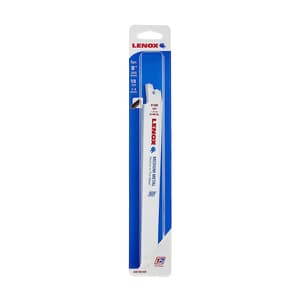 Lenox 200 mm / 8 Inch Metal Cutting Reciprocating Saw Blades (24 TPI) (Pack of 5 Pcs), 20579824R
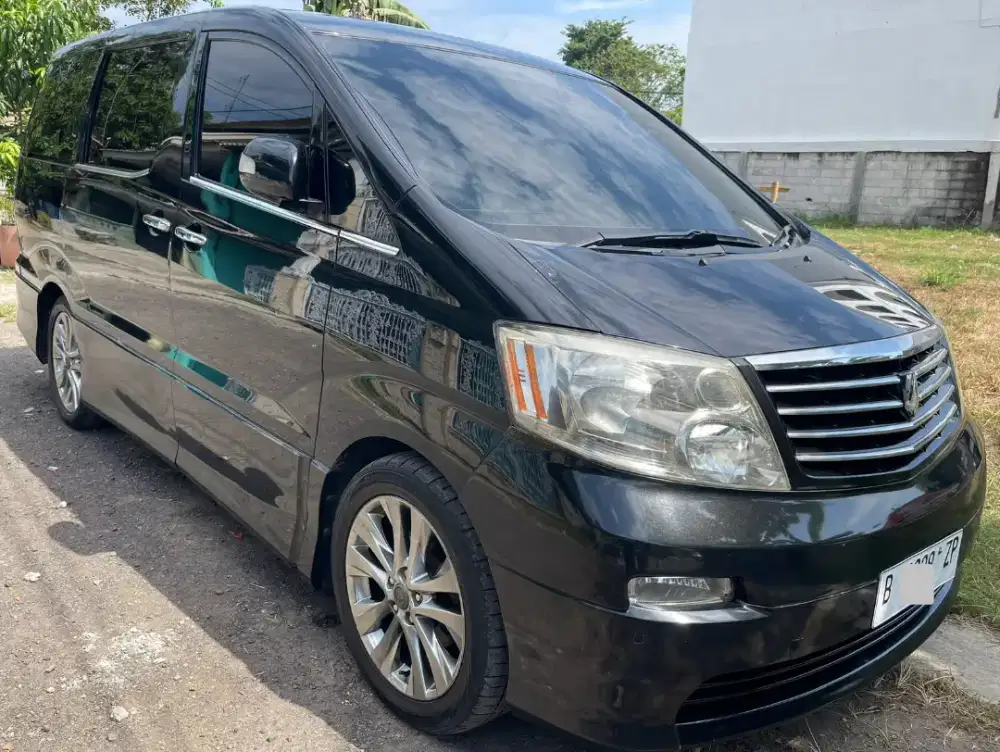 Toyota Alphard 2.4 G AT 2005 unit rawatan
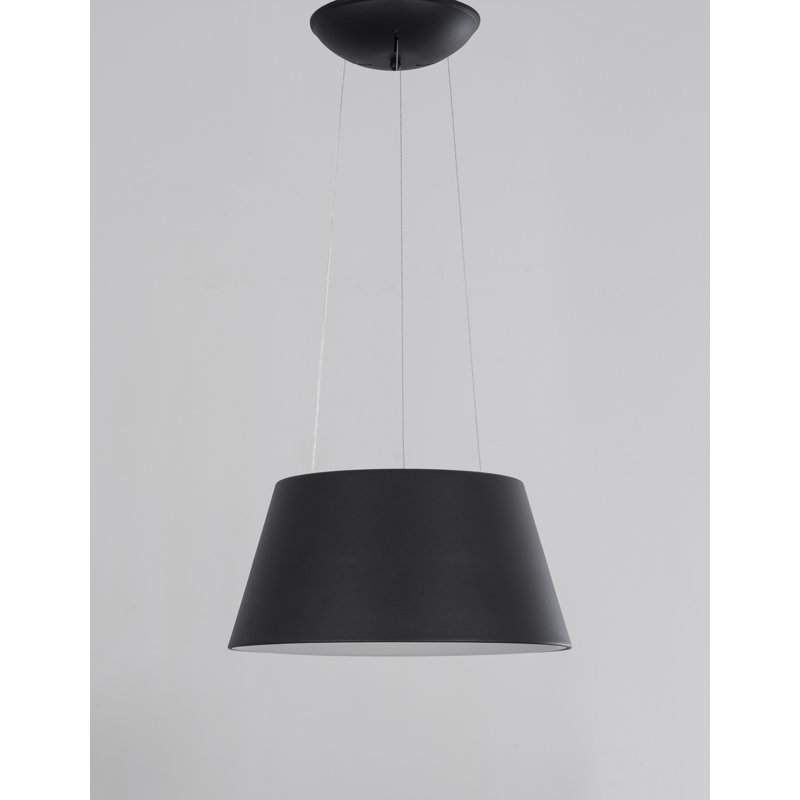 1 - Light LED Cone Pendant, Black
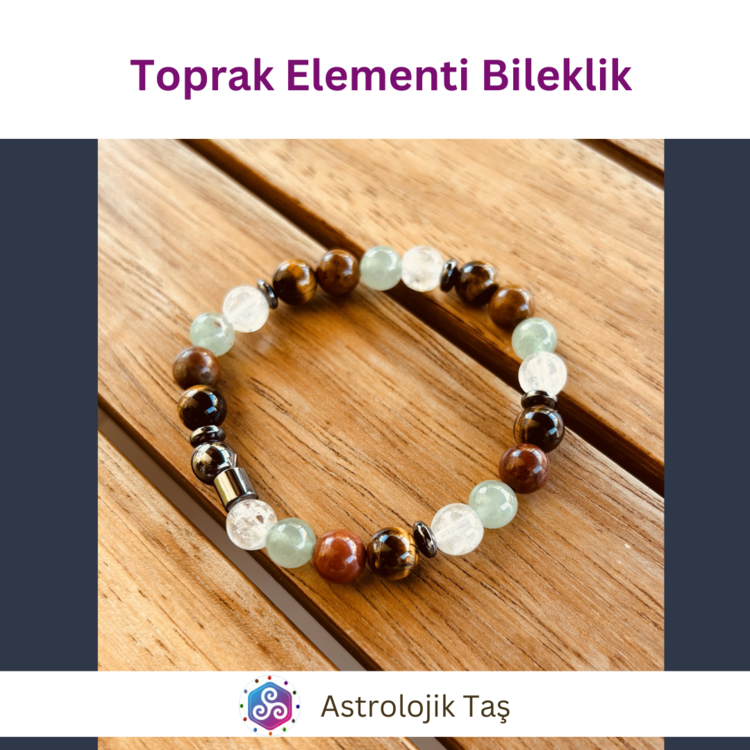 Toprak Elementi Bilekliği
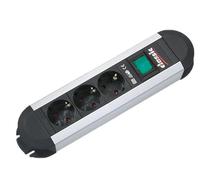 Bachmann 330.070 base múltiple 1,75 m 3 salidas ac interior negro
..............................
**Work required:** Exact copies of the entries above are needed, without their pictures.

**Answer section:**
 Lenox 200 mm / 8 Inch Metal Cutting Reciprocating Saw Blades (24 TPI) (Pack of 5 Pcs), 20579824R
 Toyota Alphard 2.4 G AT 2005 unit rawatan
 1 - Light LED Cone Pendant, Black
 Toprak Elementi Bilekliği
 Bachmann 330.070 base múltiple 1,75 m 3 salidas ac interior negro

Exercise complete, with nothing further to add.